そう言った清水くんの言葉の意味を初めは理解できなかった。撮りたいって、私を?私なんかより可愛くて、写真写りがいい人なんて沢山いるのに。それに、テーマがありのまま、なんて。自分を作り上げている私には合わないテーマだ。

「えっと、私、写真写り良くないし…それに私なんかじゃ_」

「上手くできない。」そう続けようとした言葉を清水くんに遮られた。

「今回のテーマ。凄く花城さんに合っていると思うんだ。写真写りが悪いなんて俺がそんなことないって保証する。ごめんね、わがままっていうのは分かってるんだ。」

そう言い、頭を下げる清水くんを見ると、断ろうにも断れない。

「本当に、私なんかでいいの?」

最後に確認をする。写真を撮るのは、それで清水くんの助けになるならいいけど、やっぱり私なんかでいいのかだけが不安だった。だけど、そんな私の不安を吹き飛ばすように清水くんは笑って言った。

「俺が、花城さんを撮りたいんだ。いいかな?」

そう言われて、困惑したけど、私を撮りたいと言われて嫌な気持ちにはならなかった。

「私でよければ、お願いします。」

そう言ってぺこりと頭を下げた。

「お願いするのはこっちだよ。改めて本当にありがとう。今回の文化祭は、プロのカメラマンの方もくるみたいで、みんな気合いが入ってるんだ。」

楽しみというのが私にも伝わってきた。

「だから、早速で悪いんだけど、撮りたい写真のイメージを固めてくるから、それが終わったら撮影させてくれる?」

たしかに、プロのカメラマンが来るなら早めに行動して、いいものを展示したいだろうな。

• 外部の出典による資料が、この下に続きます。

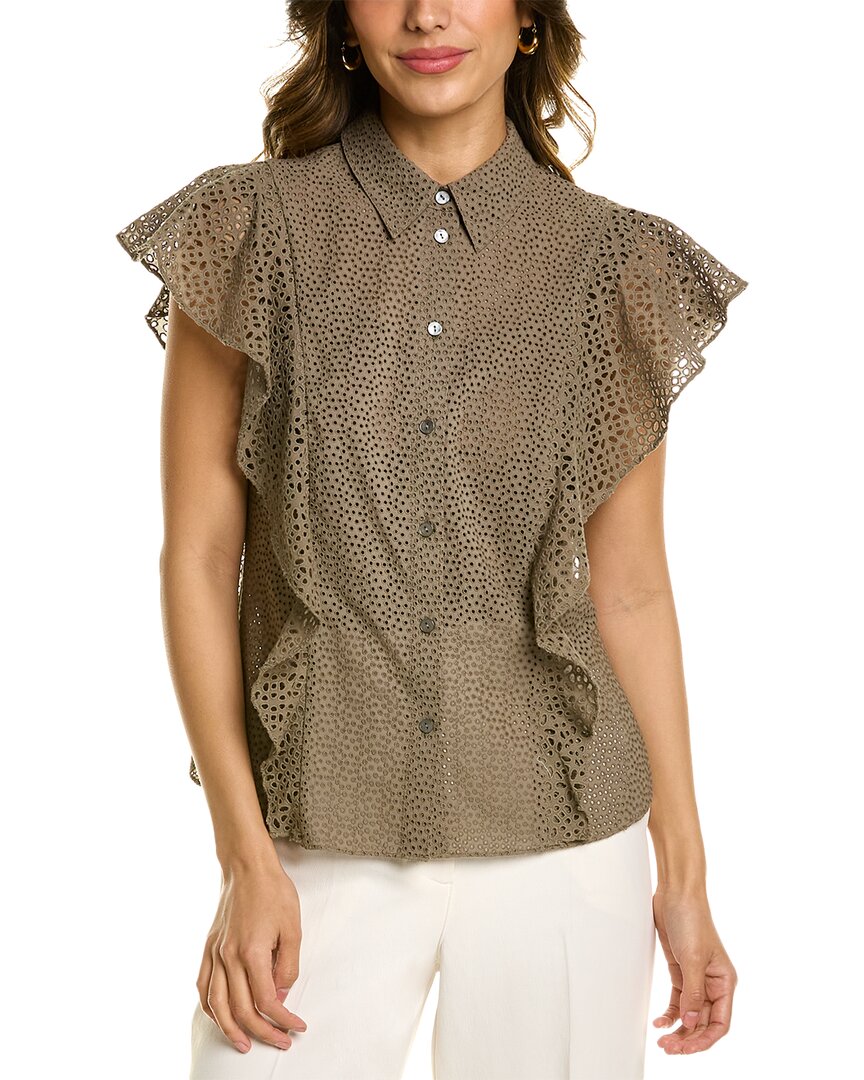 Theory Ruffle Top In Blue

「もちろん。私にできることなんて写真に写るだけだから。」

そう笑うと、

「それだけじゃないよ!写真に写ってくれるのがこっちは凄くありがたいんだから。」

そうやって話していると、下校のチャイムが鳴った。

「あ、もう帰らないと。」

早く帰らないと、先生に怒られちゃう。二人でそう言いながら走って部室に戻った。

「花城さん。本当にありがとう。また明日!」

またまた感謝をされた。そこまでのことはしてないのにな。

「うん。また明日。」

そう言って手を振る。

帰ったら夕飯がもう出来ているはずだ。
そういえば、話してたから時間を見てなかったけど、いつもよりも遅い時間になってしまった。お母さんに怒られちゃうかもな。

そう思いながら、久しぶりに一人で帰った。

『テーマはありのまま。』
そう言った清水くんを思い出す。
ありのまま。
私には、1番遠い言葉だと思った。